RECORDED INFORMATION:

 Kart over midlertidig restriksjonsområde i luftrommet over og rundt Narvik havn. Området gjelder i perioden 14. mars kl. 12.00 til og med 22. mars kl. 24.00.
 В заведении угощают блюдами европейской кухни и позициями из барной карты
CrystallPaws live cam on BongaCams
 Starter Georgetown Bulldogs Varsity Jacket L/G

TASK: The reply should consist only of the line containing "CrystallPaws live cam on BongaCams" and all lines after it in the listing above, reproduced exactly.

ANSWER AREA:
CrystallPaws live cam on BongaCams
 Starter Georgetown Bulldogs Varsity Jacket L/G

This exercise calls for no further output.